A major step towards transparency is the European General Data Protection Regulation (GDPR). It requires that all companies that either reside within the European Union or that have European customers must:

  • Upon request, reveal what data they have collected about any individual (right of access)
  • Delete any such data that is not required to keep with other obligations when requested to do so (right to be forgotten)
  • Provide an explanation of the data processing carried out on the customer’s data (right to explanation)

The last point means, in other words, that companies such as Facebook and Google, at least when providing services to European users, must explain their algorithmic decision making processes. It is, however, still unclear what exactly counts as an explanation. Does for example a decision reached by using the nearest neighbor classifier (Chapter 4) count as an explainable decision, or would the coefficients of a logistic regression classifier be better?

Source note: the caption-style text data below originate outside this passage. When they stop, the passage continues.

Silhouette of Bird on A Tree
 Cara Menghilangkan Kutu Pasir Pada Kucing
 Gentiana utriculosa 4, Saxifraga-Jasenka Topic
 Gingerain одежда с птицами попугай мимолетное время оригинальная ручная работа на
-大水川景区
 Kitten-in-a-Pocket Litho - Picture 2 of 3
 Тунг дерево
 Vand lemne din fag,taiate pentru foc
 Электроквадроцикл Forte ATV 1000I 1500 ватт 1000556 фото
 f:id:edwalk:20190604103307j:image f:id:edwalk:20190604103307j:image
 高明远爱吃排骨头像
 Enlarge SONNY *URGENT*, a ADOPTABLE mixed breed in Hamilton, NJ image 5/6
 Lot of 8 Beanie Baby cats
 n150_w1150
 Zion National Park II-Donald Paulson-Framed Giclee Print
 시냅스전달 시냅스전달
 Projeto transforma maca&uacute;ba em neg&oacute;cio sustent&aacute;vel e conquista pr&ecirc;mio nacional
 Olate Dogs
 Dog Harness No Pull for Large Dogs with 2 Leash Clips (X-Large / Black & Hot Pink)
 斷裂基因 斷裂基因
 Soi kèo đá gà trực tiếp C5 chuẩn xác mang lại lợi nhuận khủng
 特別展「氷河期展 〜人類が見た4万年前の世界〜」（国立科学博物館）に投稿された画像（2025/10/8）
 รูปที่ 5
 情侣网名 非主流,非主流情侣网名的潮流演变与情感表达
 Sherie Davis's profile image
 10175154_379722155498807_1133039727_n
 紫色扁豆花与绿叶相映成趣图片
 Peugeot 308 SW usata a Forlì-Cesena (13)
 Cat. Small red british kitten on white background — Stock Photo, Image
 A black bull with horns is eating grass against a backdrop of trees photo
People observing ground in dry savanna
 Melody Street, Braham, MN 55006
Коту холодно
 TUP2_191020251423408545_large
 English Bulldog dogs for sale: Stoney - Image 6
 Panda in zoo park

How about deep neural networks that easily involve millions of parameters trained using terabytes of data? The discussion about the technical implementation about the explainability of decisions based on machine learning is currently intensive. In any case, the GDPR has potential to improve the transparency of AI technologies.

eyes

Implication 2: Seeing is believing — or is it?

We are used to believing what we see. When we see a leader on the TV stating that their country will engage in a trade-war with another country, or when a well-known company spokesperson announces an important business decision, we tend to trust them better than just reading about the statement second-hand from the news written by someone else.

Similarly, when we see photo evidence from a crime scene or from a demonstration of a new tech gadget, we put more weight on the evidence than on written report explaining how things look.

Of course, we are aware of the possibility of fabricating fake evidence. People can be put in places they never visited, with people they never met, by photoshopping. It is also possible to change the way things look by simply adjusting lighting or pulling one’s stomach in in cheap before–after shots advertising the latest diet pill.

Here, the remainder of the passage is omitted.